Published in final edited form as: Nature. 2021 Oct 13;599(7883):120–124. doi: 10.1038/s41586-021-03986-2

Extended Data Figure 9. Antidotes work on further gut commensals, but do not compromise antibiotic efficacy on relevant pathogens.

Extended Data Figure 9

a. 8 x 8 checkerboard assays to investigate if antidote is also protective for additional gut commensals. All combinations were tested in MGAM medium under anaerobic conditions. Heat map depicts bacterial growth based on median AUCs from 2-3 independent replicates. Concentrations are stated in μM.

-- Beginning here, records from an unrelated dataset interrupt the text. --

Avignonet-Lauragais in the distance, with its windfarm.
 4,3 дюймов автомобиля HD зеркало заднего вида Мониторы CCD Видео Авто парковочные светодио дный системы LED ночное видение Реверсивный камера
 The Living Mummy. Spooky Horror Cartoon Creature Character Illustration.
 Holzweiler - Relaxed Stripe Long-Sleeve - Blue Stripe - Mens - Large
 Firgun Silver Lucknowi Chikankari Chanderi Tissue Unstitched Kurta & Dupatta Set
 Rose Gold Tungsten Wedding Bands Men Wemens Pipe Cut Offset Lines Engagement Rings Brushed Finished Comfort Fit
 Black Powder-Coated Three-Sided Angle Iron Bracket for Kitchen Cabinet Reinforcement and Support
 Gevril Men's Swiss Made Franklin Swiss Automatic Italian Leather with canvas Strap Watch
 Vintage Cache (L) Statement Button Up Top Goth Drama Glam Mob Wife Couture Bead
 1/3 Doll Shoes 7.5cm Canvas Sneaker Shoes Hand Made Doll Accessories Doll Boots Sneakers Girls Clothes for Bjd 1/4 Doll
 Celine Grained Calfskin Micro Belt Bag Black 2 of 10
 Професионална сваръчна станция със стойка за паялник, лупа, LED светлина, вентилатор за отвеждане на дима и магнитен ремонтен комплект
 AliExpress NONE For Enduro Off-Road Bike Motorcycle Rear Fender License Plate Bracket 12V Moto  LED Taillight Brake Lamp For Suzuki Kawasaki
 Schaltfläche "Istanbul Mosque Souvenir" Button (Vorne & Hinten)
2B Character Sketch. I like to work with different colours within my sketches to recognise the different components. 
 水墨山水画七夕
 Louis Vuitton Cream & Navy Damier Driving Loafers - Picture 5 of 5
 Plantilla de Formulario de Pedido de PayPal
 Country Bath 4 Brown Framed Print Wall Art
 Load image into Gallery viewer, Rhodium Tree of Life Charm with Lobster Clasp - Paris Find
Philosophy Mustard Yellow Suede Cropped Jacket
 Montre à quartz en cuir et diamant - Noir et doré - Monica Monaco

b. 8 x 8 checkerboard assays to evaluate antidote effects on the activity of erythromycin and doxycycline in relevant pathogenic species. The gastrointestinal pathogens E. faecalis and E. faecium were tested under anaerobic conditions. S. aureus, a cause of extra-intestinal infections, such as bacteremia and infective endocarditis, was tested under aerobic conditions. Heatmaps depict mean normalized AUCs of three biological replicates. Antidotes exhibit either neutral or even slight synergistic effects with antibiotics.

c. Dicumarol rescues commensal growth (n=2, anaerobic conditions) in a concentration-dependent manner. Erythromycin still retains its activity against pertinent pathogens such as E. faecium, E. faecalis (n=3, anaerobic conditions) and S. aureus (n=3, aerobic conditions) - see Suppl. Table 1 for strains used. 0.65 μM (~0.5 μg/ml) erythromycin is within range of the MIC breakpoints for Staphylococcus (1 μg/ml) and Streptococci groups A, B, C & G (0.25 μg/ml). Error bars depict standard deviation.